La bourgeoisie ne peut exister sans révolutionner constamment les instruments de production, ce qui veut dire les conditions de la production, c'est-à-dire tous les rapports sociaux. Le maintien sans changement de l'ancien mode de production était, au contraire, pour toutes les classes industrielles antérieures, la condition première de leur existence. Ce bouleversement continuel de la production, ce constant ébranlement de tout le système social, cette agitation et cette insécurité perpétuelles distinguent l'époque bourgeoise de toutes les précédentes.
Tous les rapports sociaux traditionnels et figés, avec leur cortège de conceptions et d'idées antiques et vénérables, se dissolvent, ceux qui les remplacent vieillissent avant d'avoir pu s'ossifier. Tout ce qui avait solidité et permanence s'en va en fumée, tout ce qui était sacré est profané, et les hommes sont forcés d'envisager enfin leurs conditions d'existence et leurs rapports réciproques avec des yeux désabusés.
Poussée par le besoin de débouchés toujours nouveaux, la bourgeoisie envahit le globe entier. Il faut s'implanter partout, exploiter partout, établir partout des relations.

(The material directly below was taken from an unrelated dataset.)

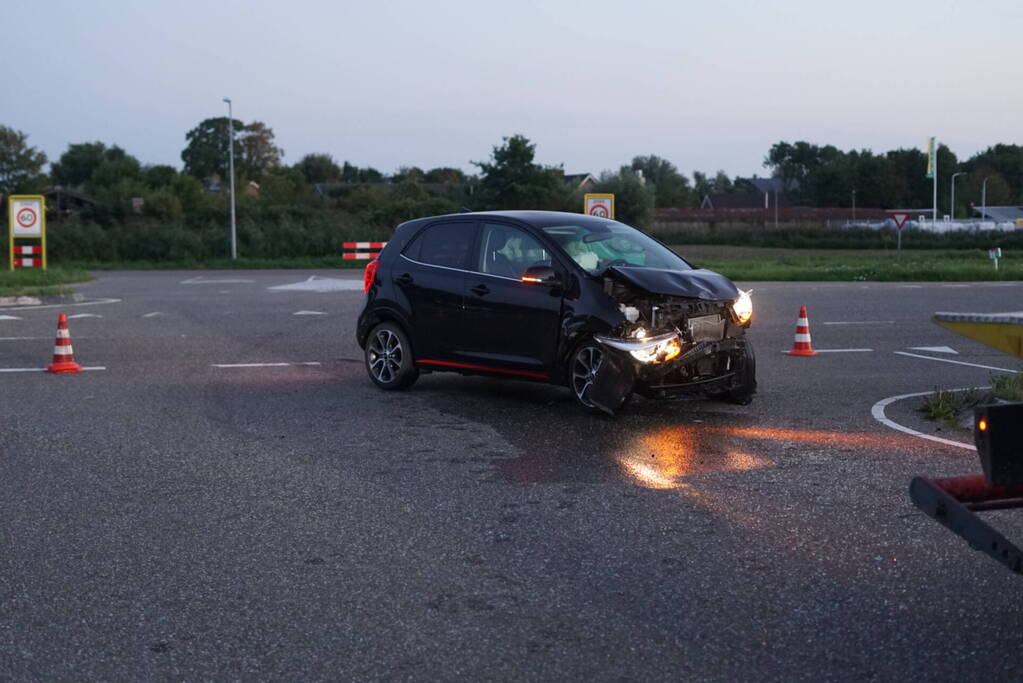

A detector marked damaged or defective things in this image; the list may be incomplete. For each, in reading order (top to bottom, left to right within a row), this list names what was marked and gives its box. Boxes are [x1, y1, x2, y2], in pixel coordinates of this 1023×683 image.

damaged black car [356, 212, 756, 416]
crumpled front bumper [588, 336, 748, 416]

Par l'exploitation du marché mondial, la bourgeoisie donne un caractère cosmopolite à la production et à la consommation de tous les pays au désespoir des réactionnaires, elle a enlevé à l'industrie sa base nationale, les vieilles industries nationales ont été détruites et le sont encore chaque jour.
Elles sont supplantées par de nouvelles industries, dont l'adoption devient une question de vie ou de mort pour toutes les nations civilisées qui n'emploient plus des matières premières indigènes, mais des matières premières venues des contrées les plus lointaines et dont les produits se consomment non seulement dans le pays même, mais dans toutes les parties du globe.

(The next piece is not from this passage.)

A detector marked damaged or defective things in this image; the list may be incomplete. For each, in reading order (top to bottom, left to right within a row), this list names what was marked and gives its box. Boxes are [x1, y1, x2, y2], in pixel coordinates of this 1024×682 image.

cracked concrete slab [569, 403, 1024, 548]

À la place des anciens besoins, satisfaits par les produits nationaux, naissent des besoins nouveaux, réclamant pour leur satisfaction des produits des contrées et des climats les plus lointains. À la place de l'ancien rendement des provinces et des nations se suffisant à elles-mêmes se développent des relations universelles, une interdépendance universelle des nations [...].

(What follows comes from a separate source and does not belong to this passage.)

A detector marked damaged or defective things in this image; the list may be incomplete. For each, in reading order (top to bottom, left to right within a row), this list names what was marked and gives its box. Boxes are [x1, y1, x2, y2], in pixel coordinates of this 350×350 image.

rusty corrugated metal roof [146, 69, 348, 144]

Par le rapide perfectionnement des instruments de production et l'amélioration infime des moyens de communication, la bourgeoisie entraîne dans le courant de la civilisation jusqu'aux nations les plus barbares. Le bon marché de ses produits est la grosse artillerie qui bat en brèche toutes les murailles de Chine et contraint à la capitulation les barbares les plus opiniâtrement hostiles aux étrangers [...].
La bourgeoisie, au cours de sa domination de classe à peine séculaire, a créé des forces productives plus nombreuses et plus colossales que l'avaient fait toutes les générations passées prises ensemble. La mise sous le joug des forces de la nature, les machines, l'application de la chimie à l'industrie et à l'agriculture, la navigation à vapeur, les chemins de fer, les télégraphes électriques, les défrichements de continents entiers, la régularisation des fleuves, des populations entières jaillies du sol, quel siècle antérieur aurait soupçonné que de pareilles forces productives dormaient au sein du travail social ? [...]
L'ouvrier est, à l'égard du produit de son travail, dans le même rapport qu'à l'égard d'un objet étranger. Car ceci est évident par hypothèse, plus l'ouvrier s'extériorise dans son travail, plus le monde étranger, objectif, qu'il crée en face de lui, devient puissant, plus il s'appauvrit lui-même et plus son monde intérieur devient pauvre, moins il possède en propre. Il en va de même dans la religion. Plus l'homme met de choses en Dieu, moins il en garde en lui-même [...].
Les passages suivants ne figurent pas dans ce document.